Raping the Jezebel Hypocrisy, Stereotyping, and Sexual Identity in Harriet Jacobs’s Incidents in the Life of a Slave Girl
Abstract
The following paper examines the origins of African-American female sexual scripts, particularly the image of the Jezebel, and their consequences as represented in Harriet Jacobs’s autobiography, Incidents in the Life of a Slave Girl. Through an analysis of Jacobs’s work, this paper explores the relationships between female slaves and their masters (and mistresses) in the Antebellum American South, locates the historical and cultural sources of negative sexual stereotypes about black women, and ultimately, concludes that these scripts and stereotypes, originating in American slavery, still play a large role in media representation and the formation of a positive sexual identity for African-American women in the United States.
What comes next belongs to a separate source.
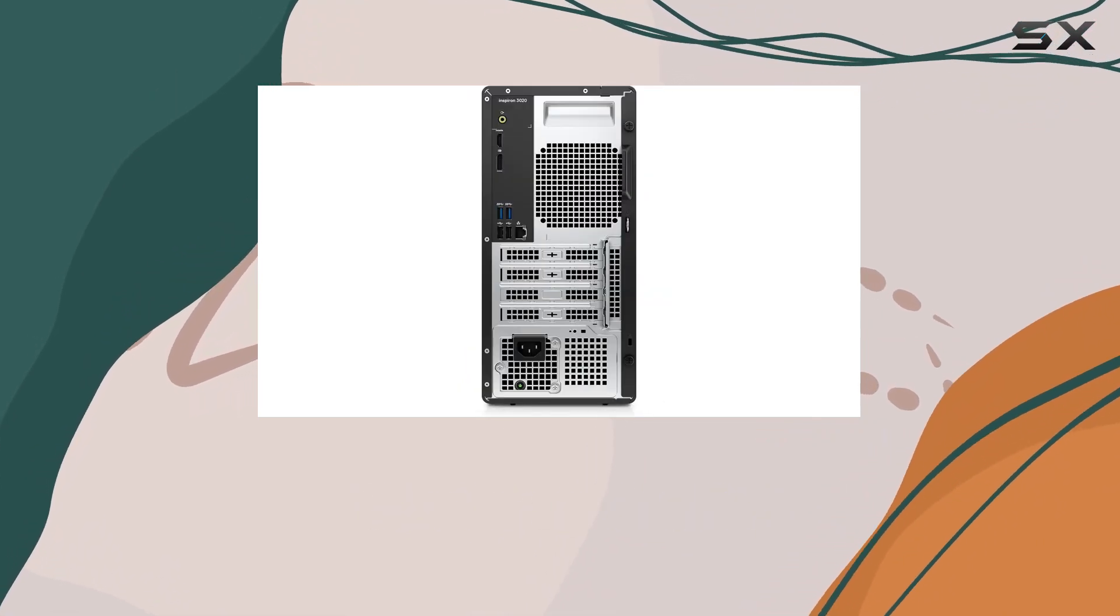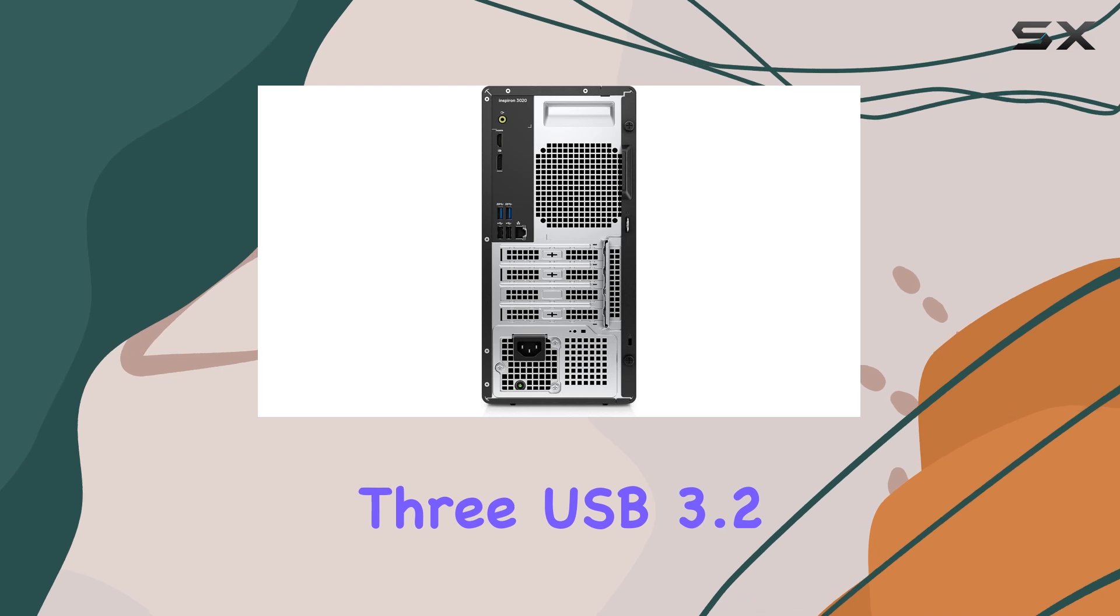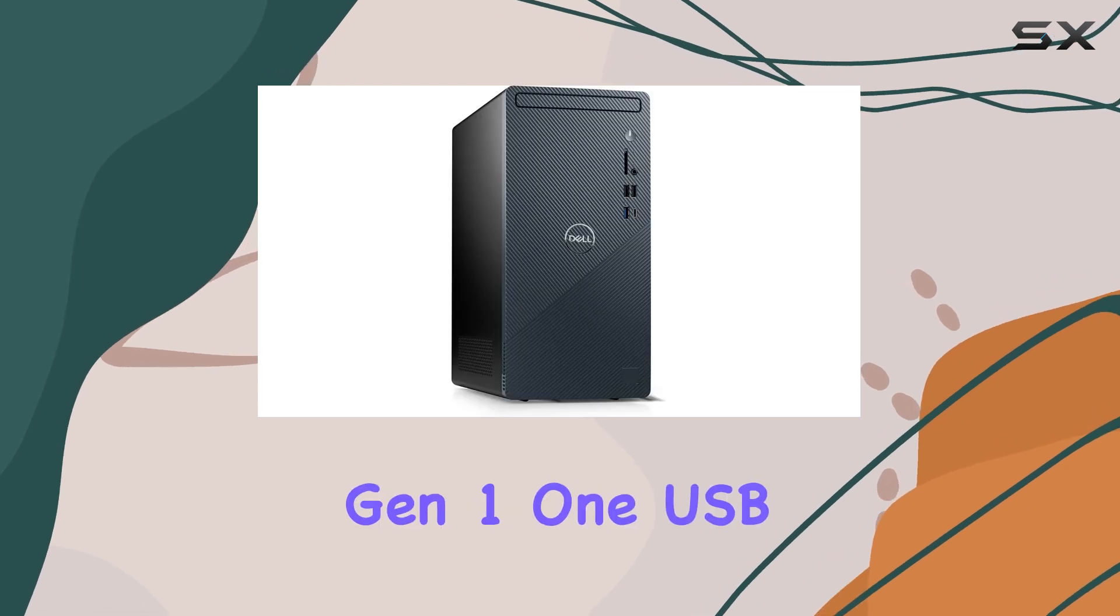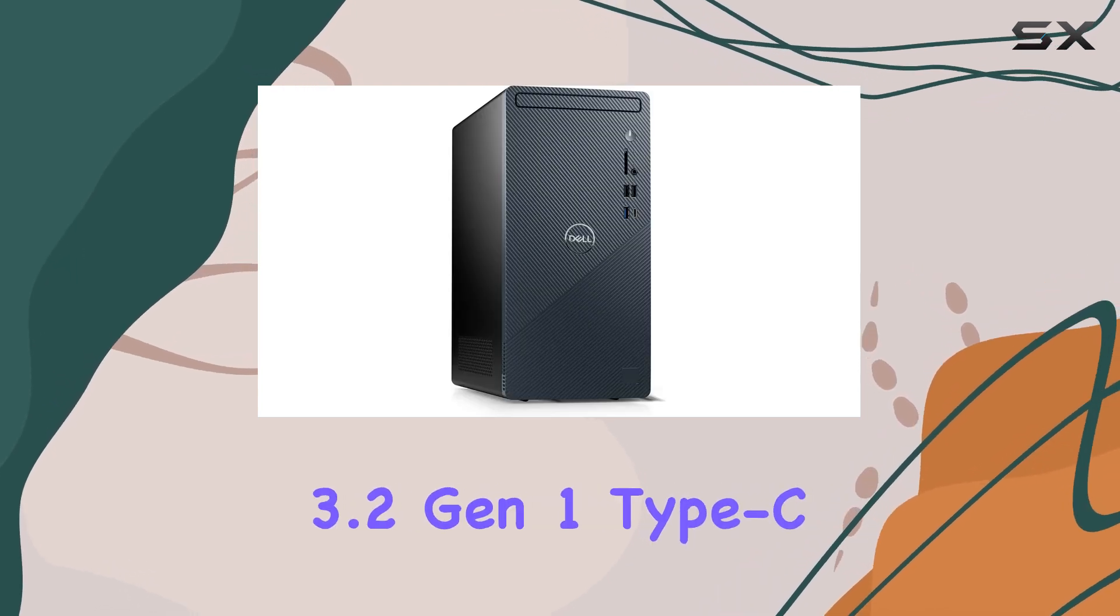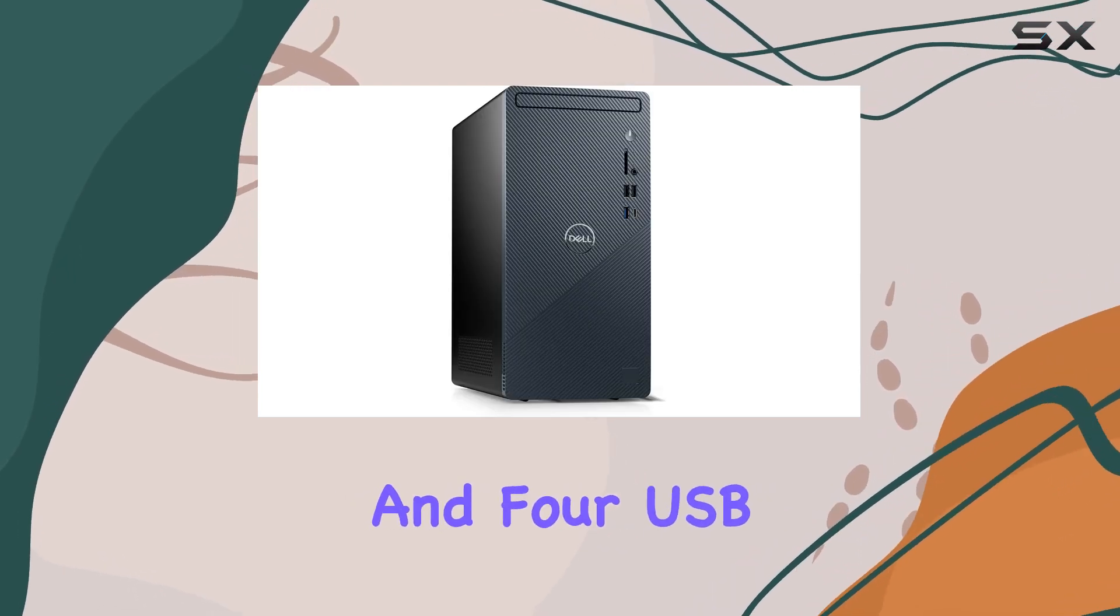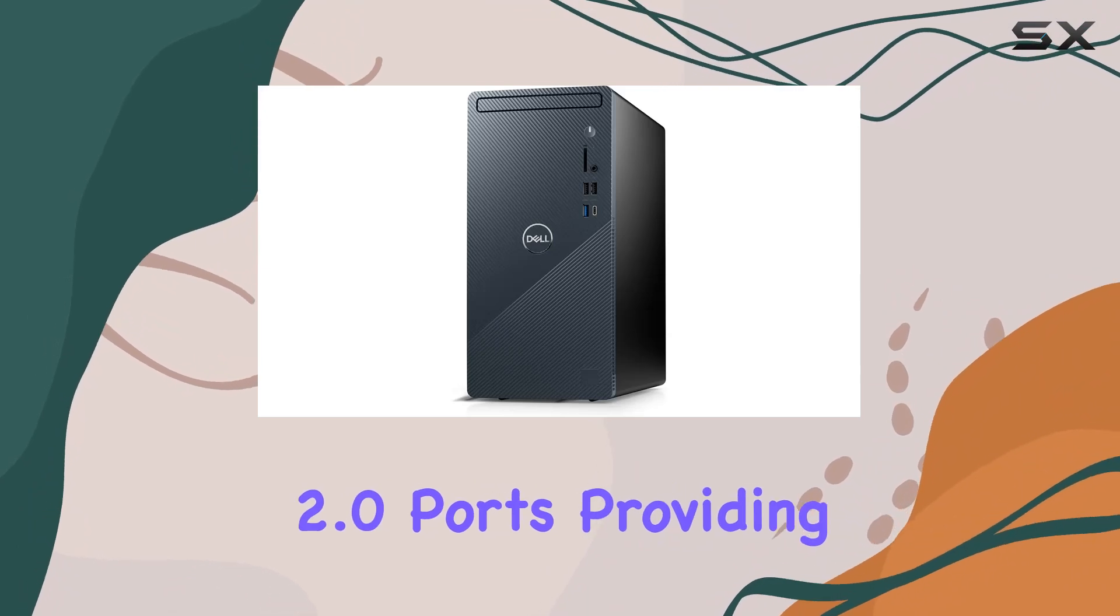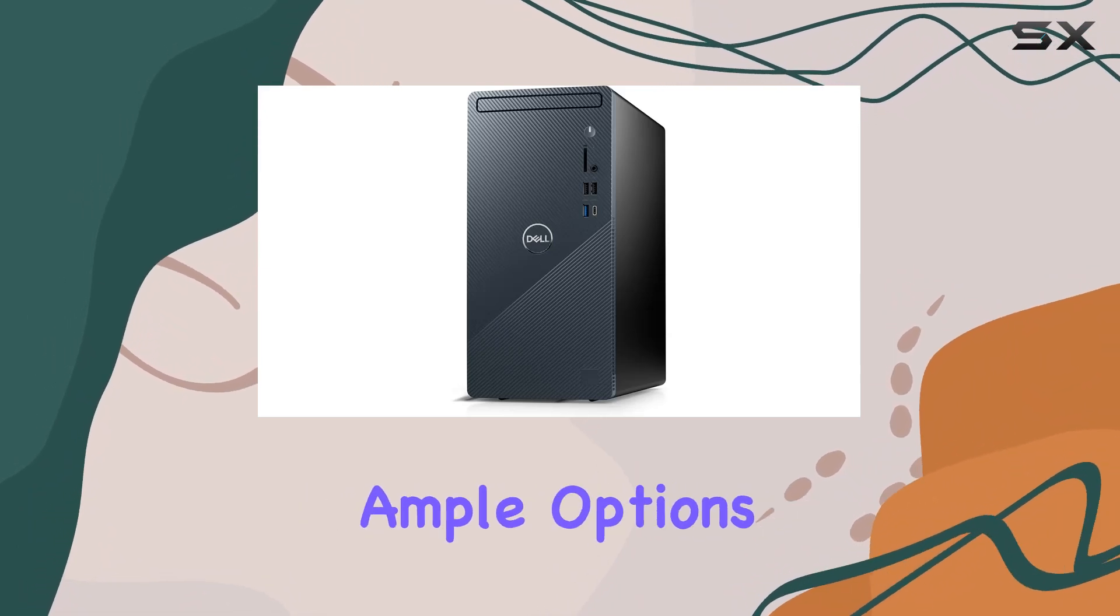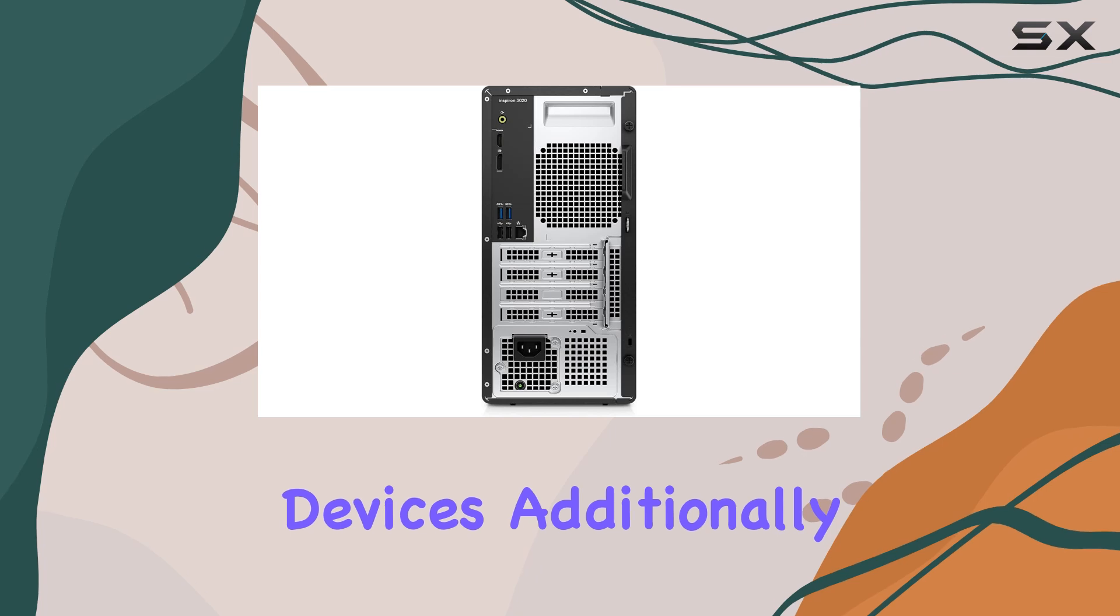The array of USB ports includes three USB 3.2 Gen 1, one USB 3.2 Gen 1 Type-C, and four USB 2.0 ports, providing ample options for connecting peripherals and external devices.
Jacobs’s narrative, a monumental self-written memoir, sought to appeal to the white women in the American North whose participation in the abolitionist movement held the power to ameliorate circumstances for female slaves in the South. Her tale of sexually aggressive masters, harried choices, and the sacrifices of a loving mother illuminate the moral and spiritual degradation caused by the “peculiar institution of slavery.” This paper places such considerations in both racial and sociopolitical contexts to examine the psychology of fear, abuse, and miscegenation suffered by American female slaves and perpetrated by southern plantation owners.